> **Goal of the exercise**
Your answer must be the exact lines below, starting with the line with "Surreal Elephant Tree" and going on through the line with "Boho pink and", both included, with no pictures.

[[ Supplied data open ]]

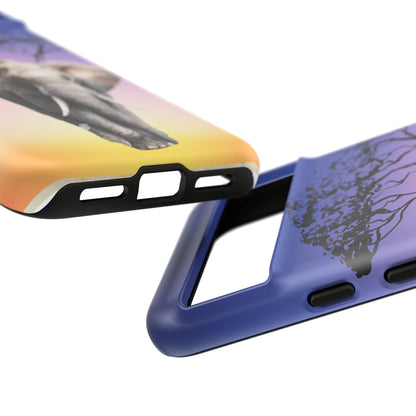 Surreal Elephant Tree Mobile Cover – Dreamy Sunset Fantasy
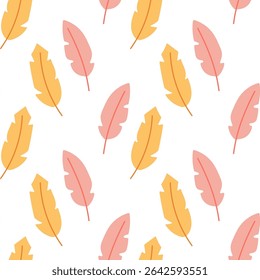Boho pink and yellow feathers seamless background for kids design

[[ Supplied data closed ]]
[[ Supplied data open ]]

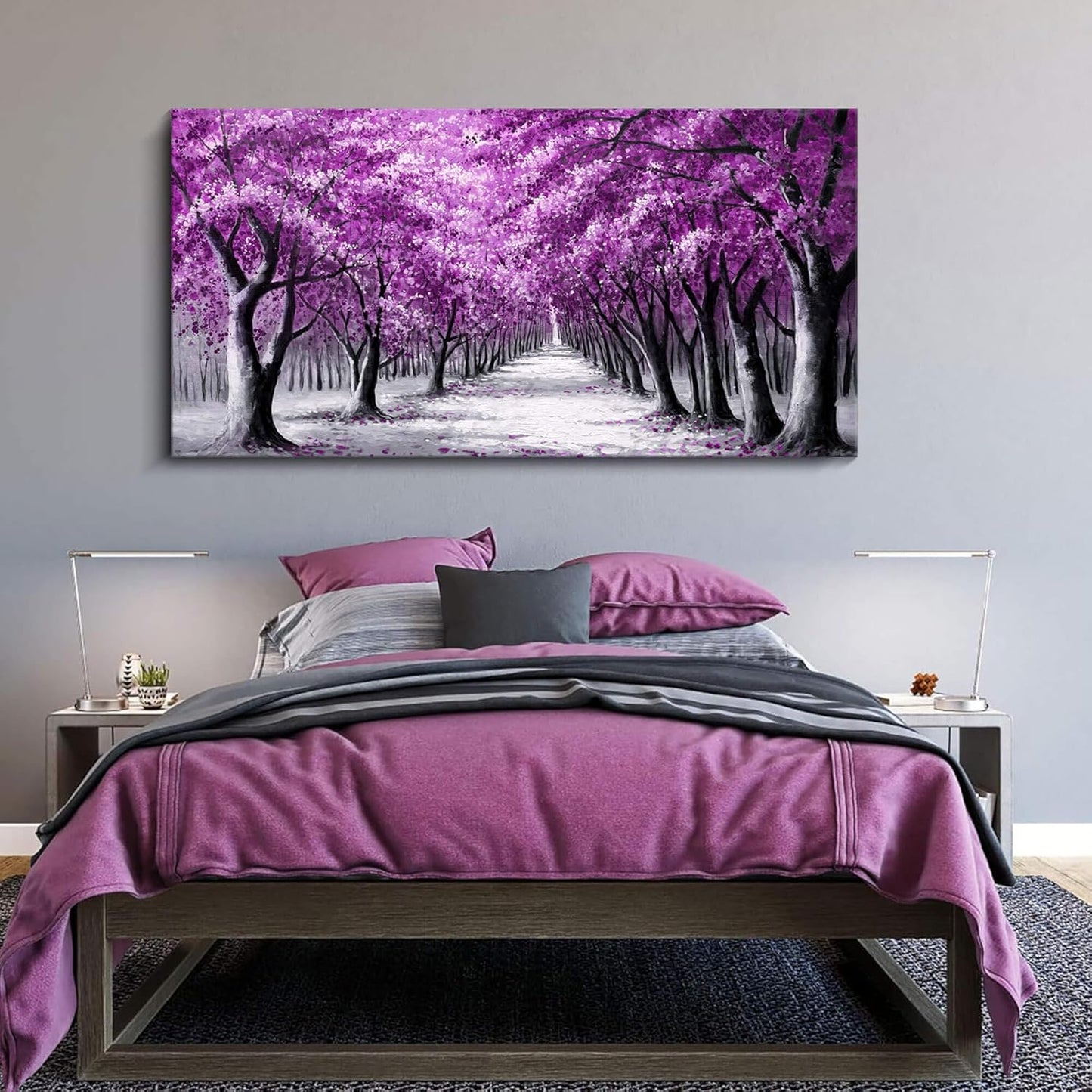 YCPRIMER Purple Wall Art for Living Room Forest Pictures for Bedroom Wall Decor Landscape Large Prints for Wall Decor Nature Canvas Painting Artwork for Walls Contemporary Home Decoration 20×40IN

[[ Supplied data closed ]]

> **Completed task**
 Surreal Elephant Tree Mobile Cover – Dreamy Sunset Fantasy
Boho pink and yellow feathers seamless background for kids design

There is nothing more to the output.